::: DATA RECORDS :::

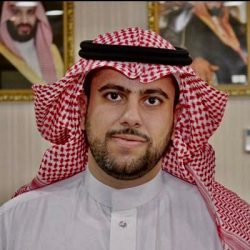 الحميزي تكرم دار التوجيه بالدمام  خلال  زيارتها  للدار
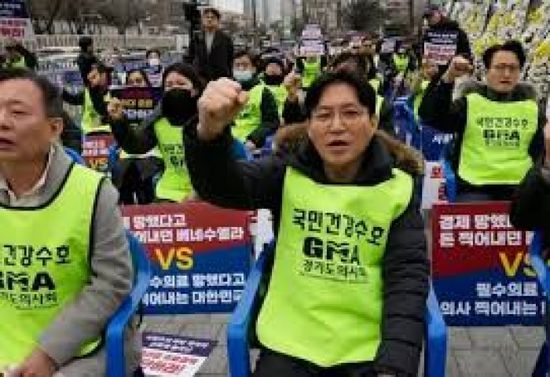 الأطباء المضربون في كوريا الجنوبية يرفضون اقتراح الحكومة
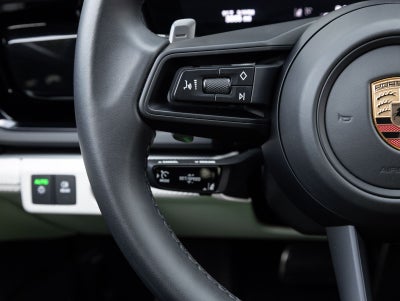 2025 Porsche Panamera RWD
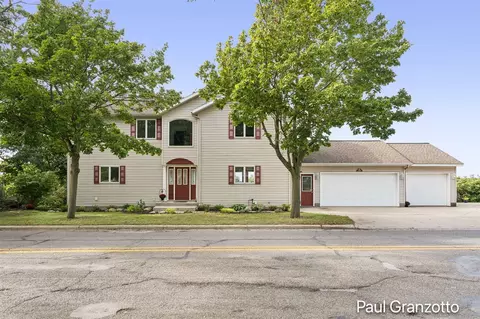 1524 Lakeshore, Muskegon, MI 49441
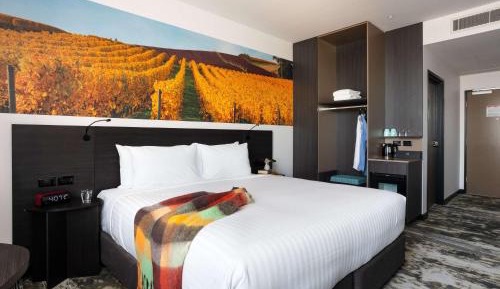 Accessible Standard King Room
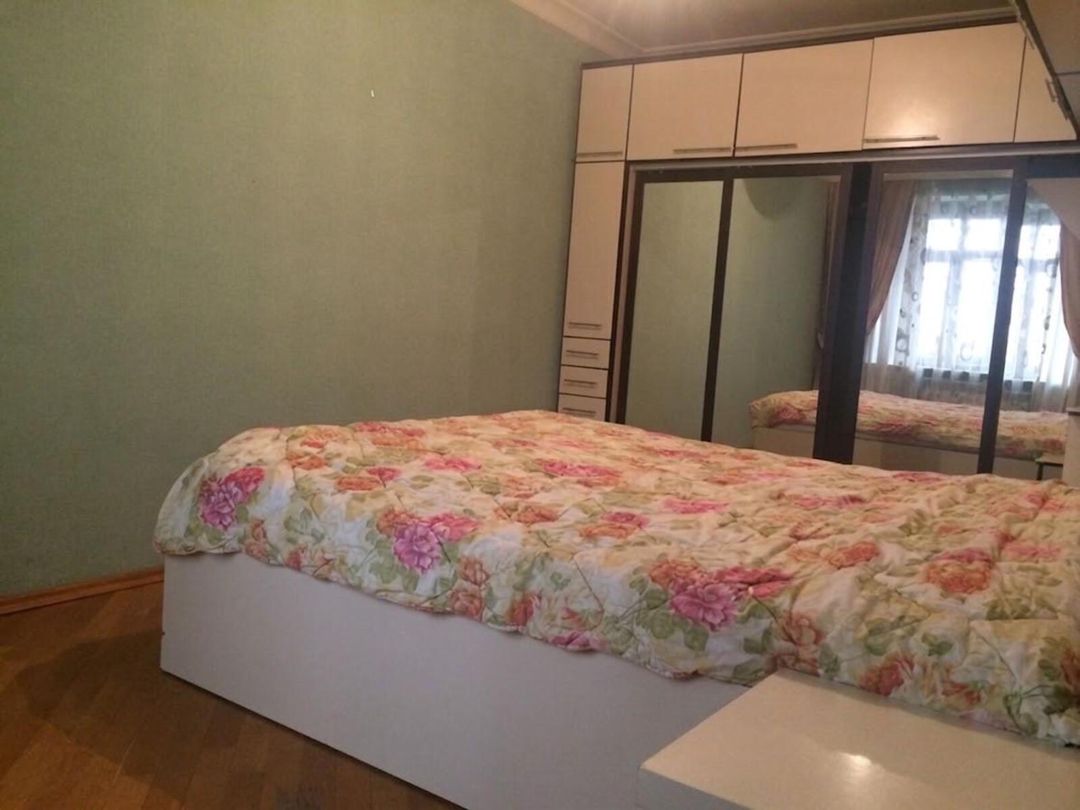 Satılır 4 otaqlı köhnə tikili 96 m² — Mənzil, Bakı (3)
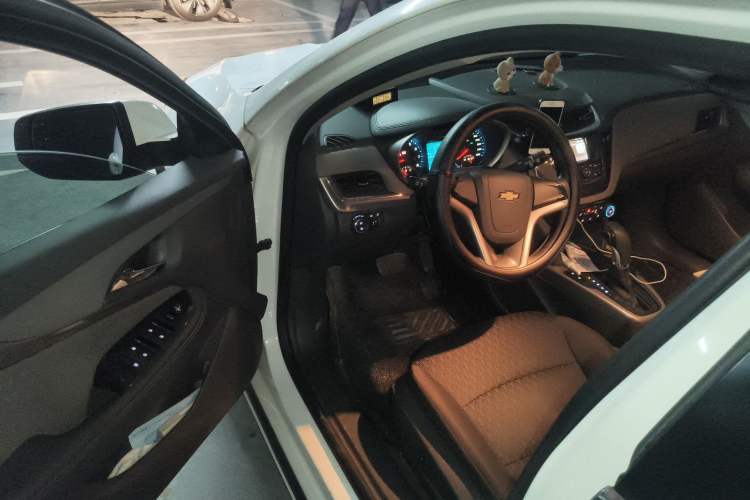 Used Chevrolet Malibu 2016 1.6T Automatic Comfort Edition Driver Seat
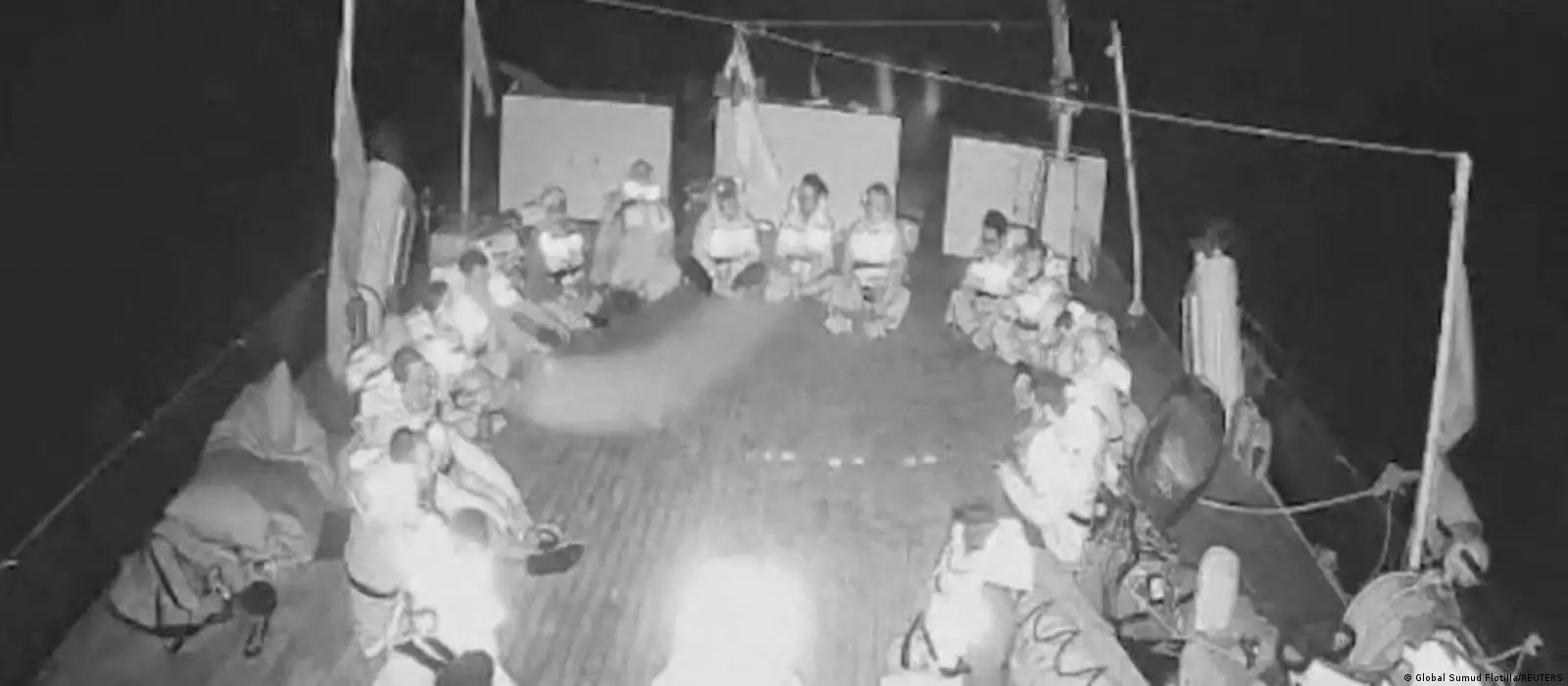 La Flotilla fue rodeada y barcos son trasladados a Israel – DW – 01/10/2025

:::
::: DATA RECORDS :::

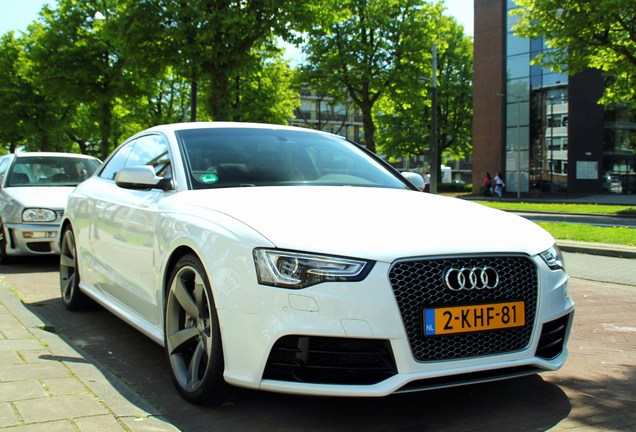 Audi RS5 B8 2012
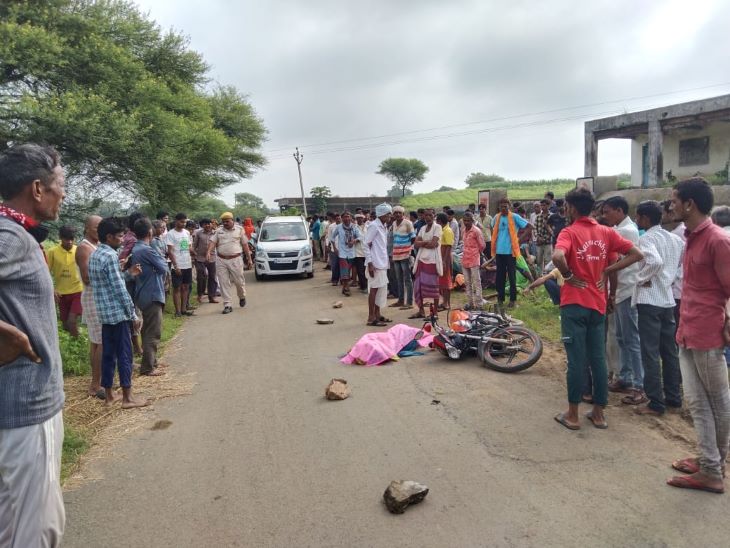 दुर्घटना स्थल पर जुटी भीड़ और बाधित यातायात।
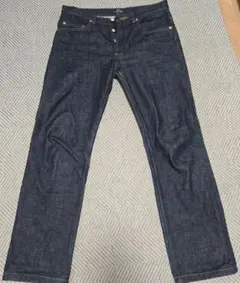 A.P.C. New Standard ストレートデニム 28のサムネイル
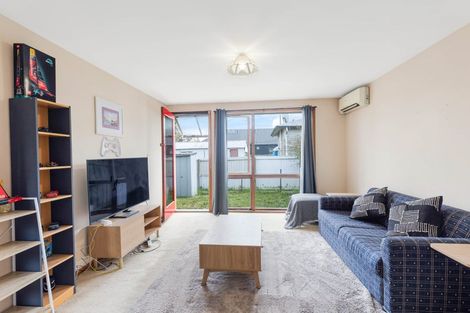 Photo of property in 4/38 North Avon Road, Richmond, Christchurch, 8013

:::
::: DATA RECORDS :::

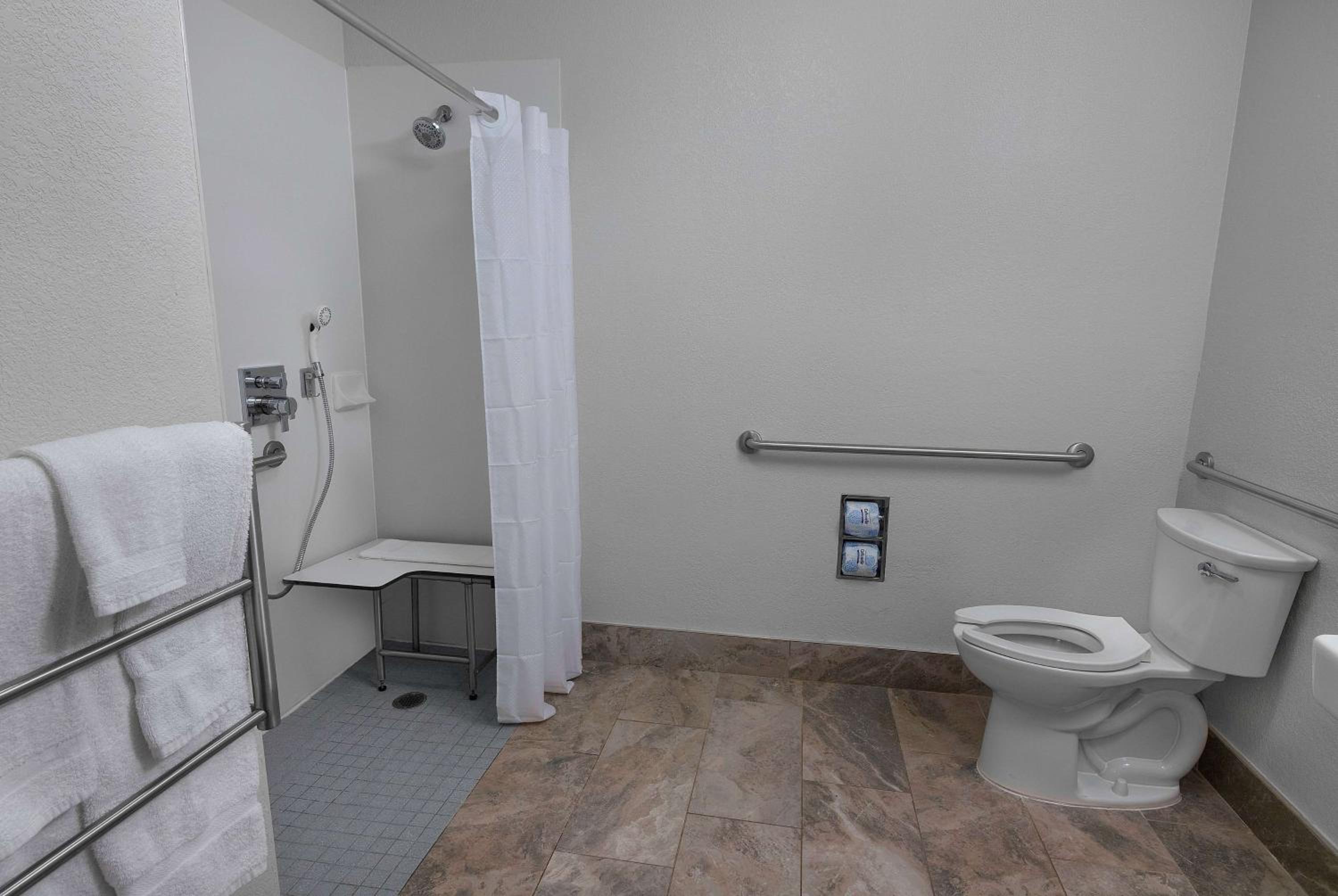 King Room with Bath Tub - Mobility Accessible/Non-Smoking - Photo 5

:::

→ **PROBLEM REQUIREMENTS**
From the line with "Accessible Standard King Room" up to and including the line with "La Flotilla fue" above, retype every line exactly and nothing more; leave out the pictures.

→ **EXPECTED OUTPUT**
 Accessible Standard King Room
 Satılır 4 otaqlı köhnə tikili 96 m² — Mənzil, Bakı (3)
 Used Chevrolet Malibu 2016 1.6T Automatic Comfort Edition Driver Seat
 La Flotilla fue rodeada y barcos son trasladados a Israel – DW – 01/10/2025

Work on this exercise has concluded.